A limited liability company’s operating agreement or company agreement is similar to a corporation’s shareholder agreement, and provides for the management of the LLC, and the rights and duties of the owners of the LLC (members) and the managers of the LLC, if any.
Specifically, the LLC operating agreement should address the company’s finances, capital contributions, percentages of ownership, voting rights, meetings, notices, buyouts, distribution of profits and losses, officers, and other matters. Limited liability companies generally may be managed by the members or by appointed or elected managers.
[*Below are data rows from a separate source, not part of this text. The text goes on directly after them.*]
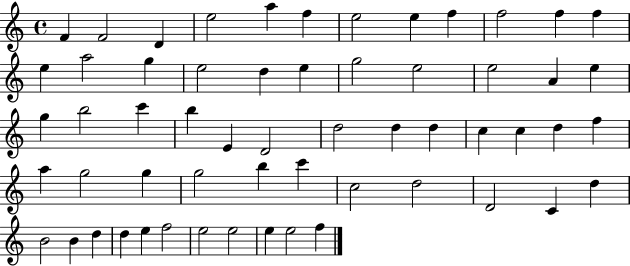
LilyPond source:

{
  \clef treble
  \time 4/4
  \defaultTimeSignature
  \key c \major
  f'4 f'2 d'4 | e''2 a''4 f''4 | e''2 e''4 f''4 | f''2 f''4 f''4 | \break e''4 a''2 g''4 | e''2 d''4 e''4 | g''2 e''2 | e''2 a'4 e''4 | \break g''4 b''2 c'''4 | b''4 e'4 d'2 | d''2 d''4 d''4 | c''4 c''4 d''4 f''4 | \break a''4 g''2 g''4 | g''2 b''4 c'''4 | c''2 d''2 | d'2 c'4 d''4 | \break b'2 b'4 d''4 | d''4 e''4 f''2 | e''2 e''2 | e''4 e''2 f''4 | \break \bar "|."
}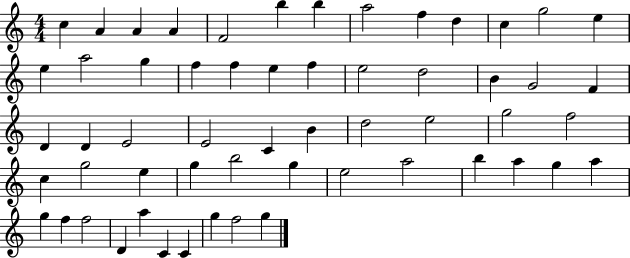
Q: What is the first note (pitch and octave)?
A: C5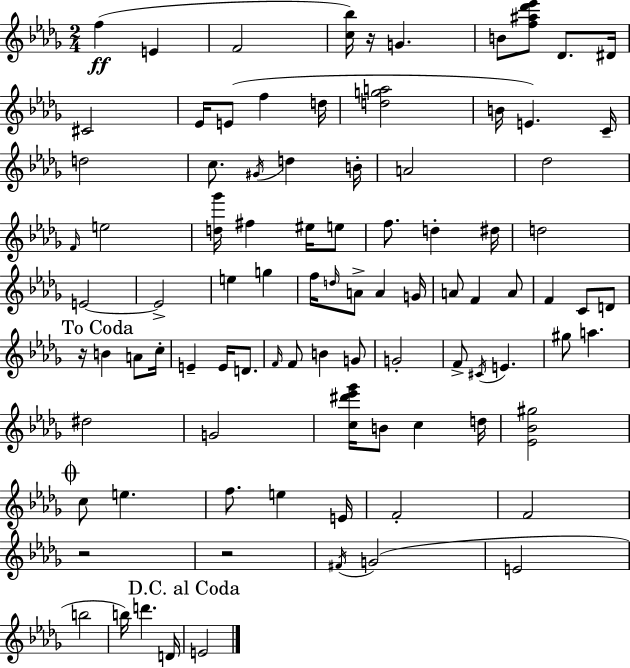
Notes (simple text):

F5/q E4/q F4/h [C5,Bb5]/s R/s G4/q. B4/e [F5,A#5,Db6,Eb6]/e Db4/e. D#4/s C#4/h Eb4/s E4/e F5/q D5/s [D5,G5,A5]/h B4/s E4/q. C4/s D5/h C5/e. G#4/s D5/q B4/s A4/h Db5/h F4/s E5/h [D5,Gb6]/s F#5/q EIS5/s E5/e F5/e. D5/q D#5/s D5/h E4/h E4/h E5/q G5/q F5/s D5/s A4/e A4/q G4/s A4/e F4/q A4/e F4/q C4/e D4/e R/s B4/q A4/e C5/s E4/q E4/s D4/e. F4/s F4/e B4/q G4/e G4/h F4/e C#4/s E4/q. G#5/e A5/q. D#5/h G4/h [C5,D#6,Eb6,Gb6]/s B4/e C5/q D5/s [Eb4,Bb4,G#5]/h C5/e E5/q. F5/e. E5/q E4/s F4/h F4/h R/h R/h F#4/s G4/h E4/h B5/h B5/s D6/q. D4/s E4/h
In Alaska, a limited liability company (LLC) is governed by the Alaska Statutes, specifically under Title 10, Chapter 50. An LLC's operating agreement is a key document that outlines the internal operations and management of the company. While not required by state law, it is highly recommended as it provides structure and clarity for the LLC's functioning. The operating agreement should detail the financial contributions of the members, their ownership percentages, voting rights, and procedures for meetings and notices. It should also cover how profits and losses will be distributed, the process for member buyouts, and the roles of any officers or managers. In Alaska, LLCs can be member-managed or manager-managed, and the operating agreement should clearly state the management structure chosen. Without an operating agreement, the LLC will be governed by default provisions in state law, which may not align with the members' intentions.